The real leader in the polls, opposition politician María Corina Machado is barred from running, her challenge is whether she can translate her fame and charisma into votes for Edmundo González Urrutia, who was chosen by the chief opposition coalition after Machado was unable to overcome a ruling blocking her candidacy, reports the Associated Press.
Venezuela’s troop buildup at the border is aimed at scaring Guyana into granting concessions — “but now, the ploy also seems to be seeking to have an effect inside Venezuela given Maduro’s low standings at the polls,” reports the Miami Herald. The latest surveys show Maduro losing the election set for July 28 by more than 40 points, 62% to 20%, against González. (See yesterday’s briefs on the troop buildup.)
The last of Venezuela’s glaciers has disappeared, making it the only country in the Andes range without a glacier — though scientists predict warming temperatures will render the entire Northern Andes, which snakes through Venezuela, Colombia and Ecuador, glacier-free by 2050, reports the Washington Post.
Brazil
Brazil’s government pledged $10 billion for the country’s flooded southern region, and the BRICS group of countries another billion.

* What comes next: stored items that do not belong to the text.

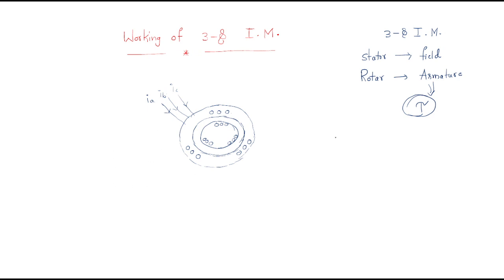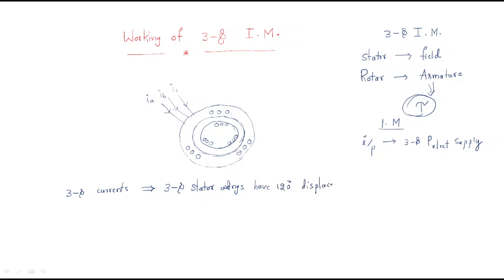Initially we should give the input. The input for this induction motor is a three-phase electrical supply. That three-phase supply gives three currents: Ia, Ib, and Ic. We are applying these three-phase currents to the three-phase stator winding, which has a 120-degree displacement.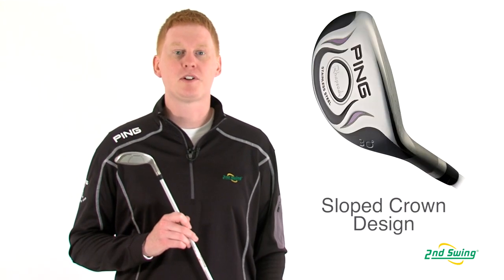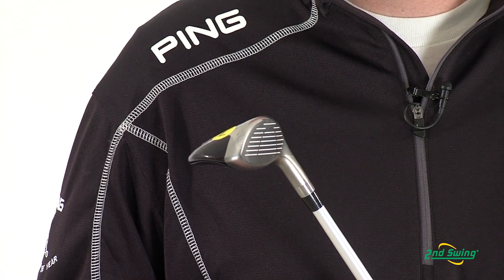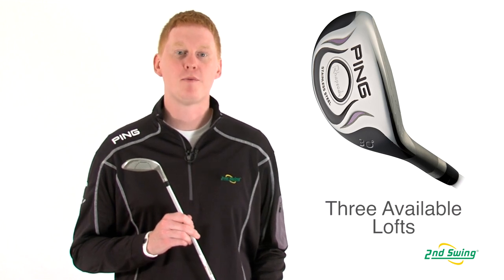This hybrid offers a sloped crown with a low center of gravity that provides a higher launch and easy playability from all lies. As a midiron alternative that's available in three different loft options, you'll find the confidence to hit the shot from anywhere on the course.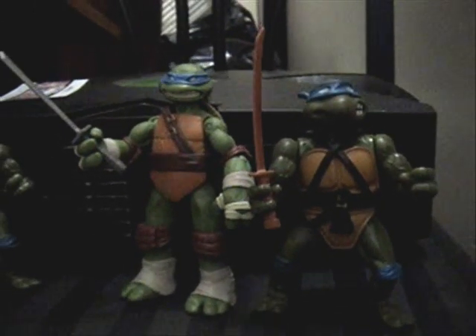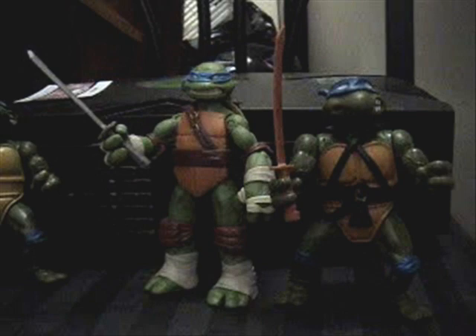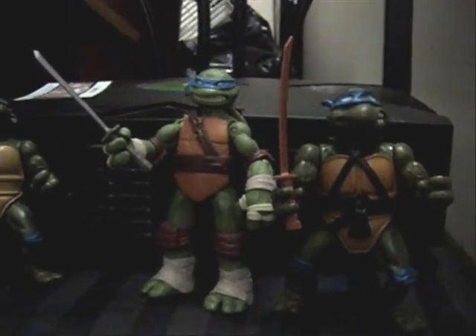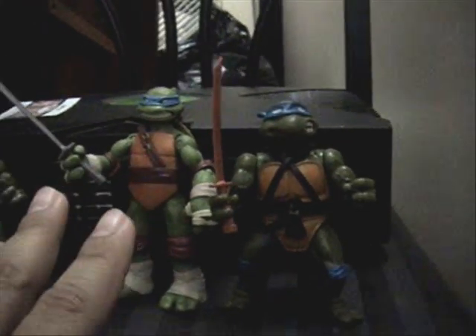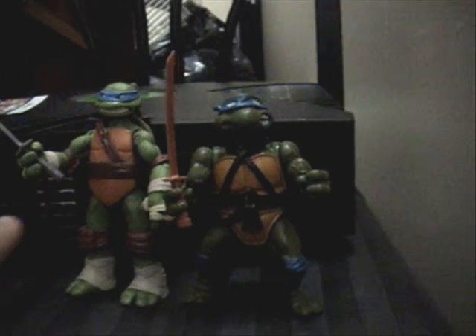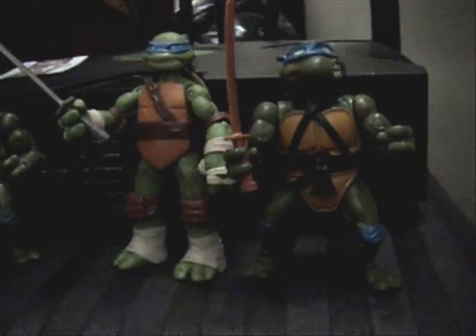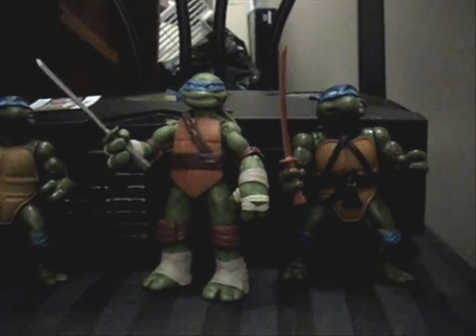Hard heads are not totally rare - we see them all the time. But the soft heads are the rarest ones, and those are going to be worth a little bit more money than the hard heads, because the soft heads are the original makers of the Ninja Turtles. When they realized the heads were easy to break off, they had to refix it, so they made hard heads so it would be harder to break off. So if you have any soft heads, take good care of them.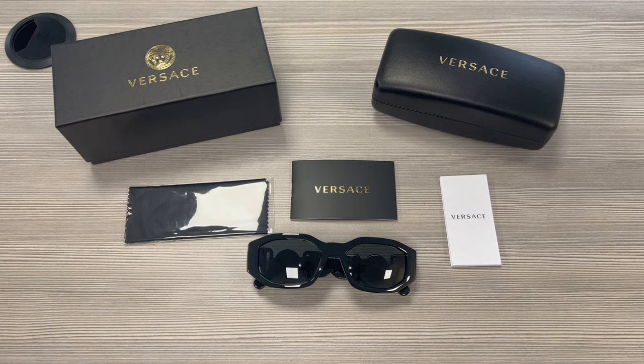Thank you for watching. If you're interested in checking out these frames or any other frames, head over to the link in the description and check out iSpecs.com. Have a joyful day, bye bye.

Families impacted by the flood will receive aid. (AFP)
Brazilian Supreme Court president Luís Roberto Barroso warned of the rising tide of “authoritarian populism” and lashed out against tech mogul Elon Musk. He said: “There is clearly a far-right articulation in the world. [Musk] might be a piece of it.” (Financial Times)
Migration
The number of minors crossing the treacherous jungle between Colombia and Panama known as the Darien Gap is on pace to rise by 34% to reach 160,000 this year, according to UNICEF. (Reuters)
Ecuador
Ecuadorean President Daniel Noboa’s wife suspended a real estate development project that involved erecting four luxury buildings that would have encroached on a forest surrounded by mangroves that are protected under Ecuadorean law, reports El País.
Noboa’s “iron fist” narrative of security has taken hold in public opinion — “the underlying problem is that homicide figures have not significantly decreased,” according to Nacla.
Regional
“A case in which flight attendants working for passenger airlines used their privileged access to transport millions of dollars of fentanyl profits from the United States to the Dominican Republic highlights how money laundering networks continue to use old school, analog tactics,” reports InSight Crime.
Argentina
An Argentine government cabinet member said the country’s social movements, representing unemployed and informal workers, have created an “authoritarian” “system of modern slavery,” reports El País.
Culture Corner
“The fact that many narco corrido singers get paid by narcos is no secret,” writes Ioan Grillo in CrashOut. “The authentic gangster connection puts the corrido scene into an ethical grey area.”